*** Opening Dataset excerpt ***

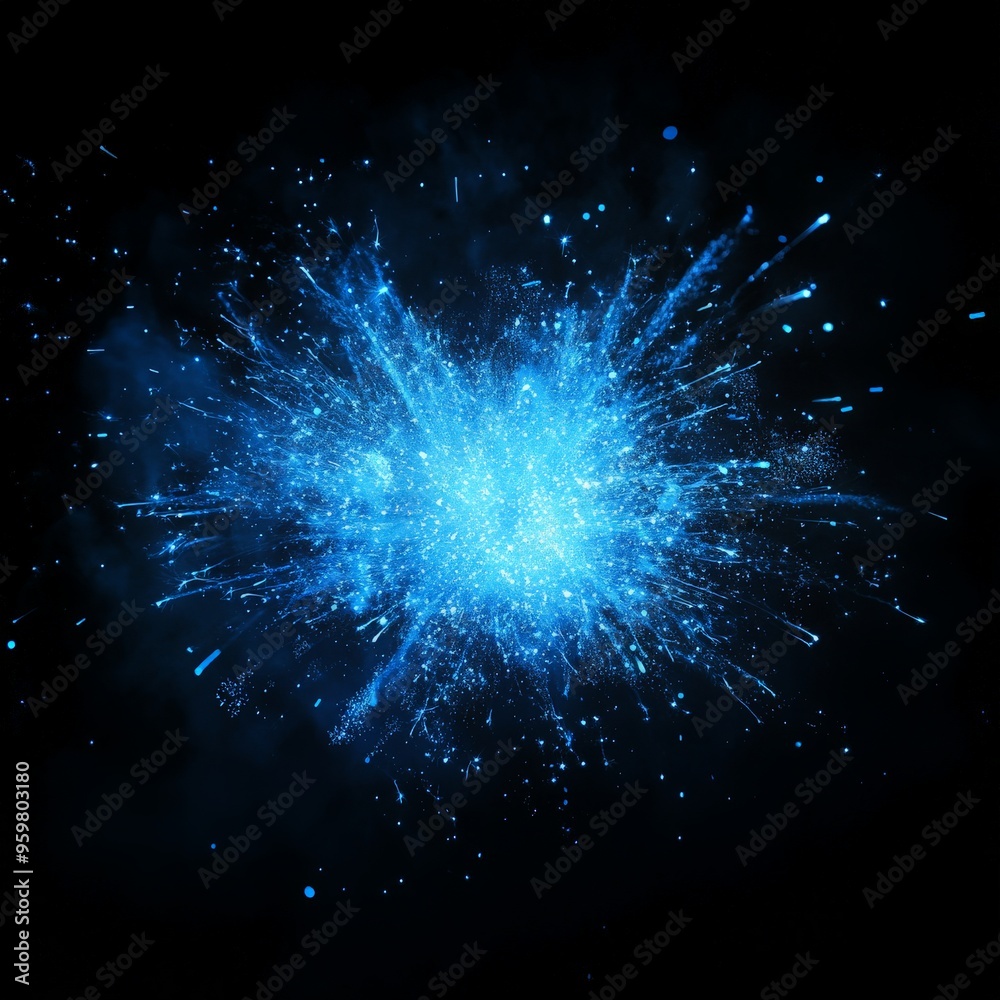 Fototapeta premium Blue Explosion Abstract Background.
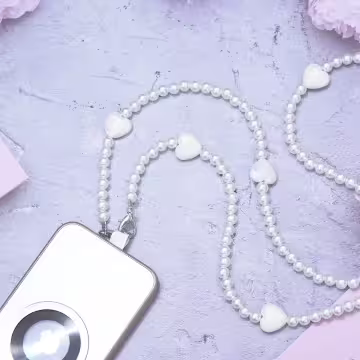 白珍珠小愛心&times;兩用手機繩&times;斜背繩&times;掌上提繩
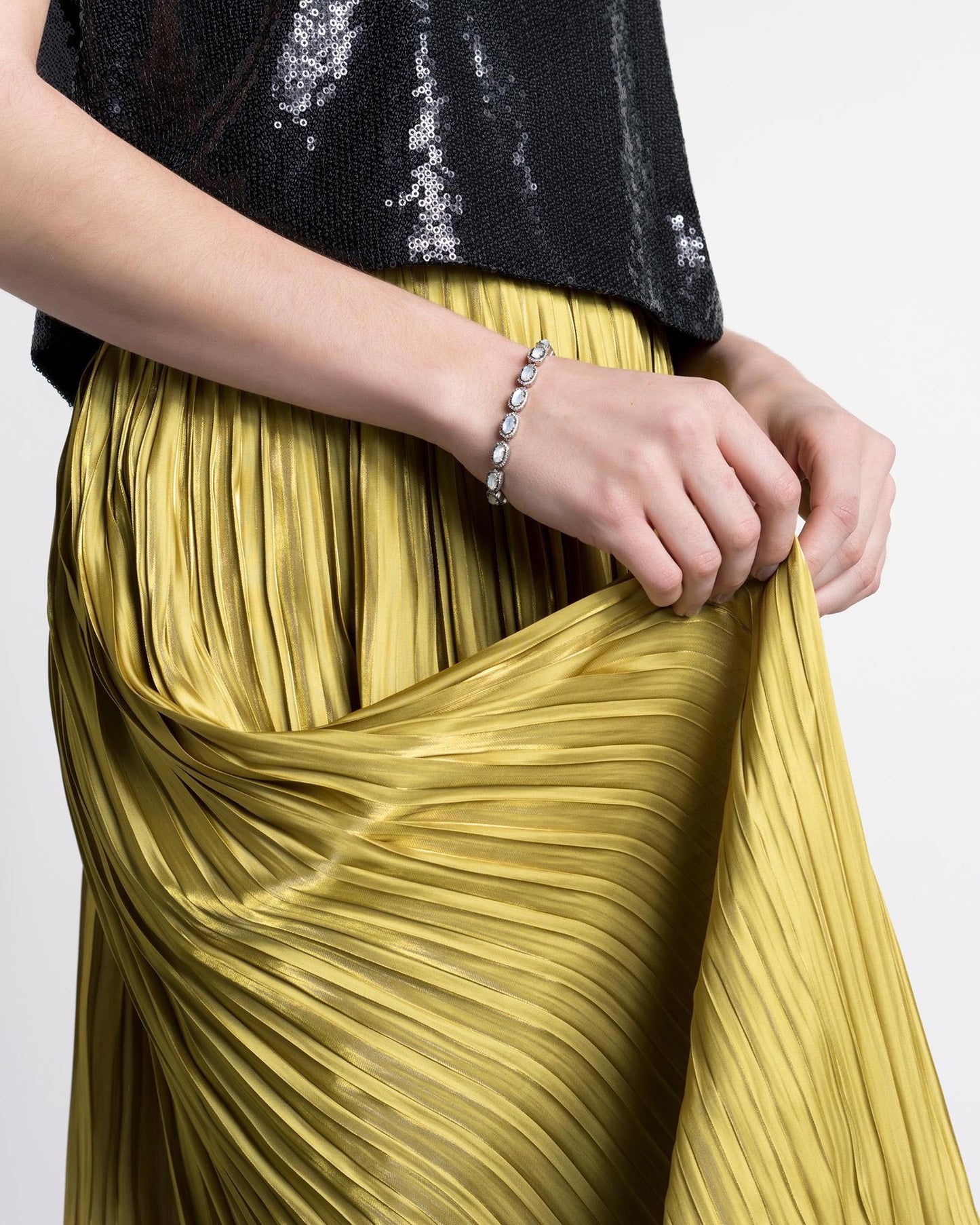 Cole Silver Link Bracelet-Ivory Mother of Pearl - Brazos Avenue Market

*** Closing Dataset excerpt ***

Exercise goal: Each line above is to be copied exactly, and the pictures are to be dropped.

Answer for this exercise:
 Fototapeta premium Blue Explosion Abstract Background.
 白珍珠小愛心&times;兩用手機繩&times;斜背繩&times;掌上提繩
 Cole Silver Link Bracelet-Ivory Mother of Pearl - Brazos Avenue Market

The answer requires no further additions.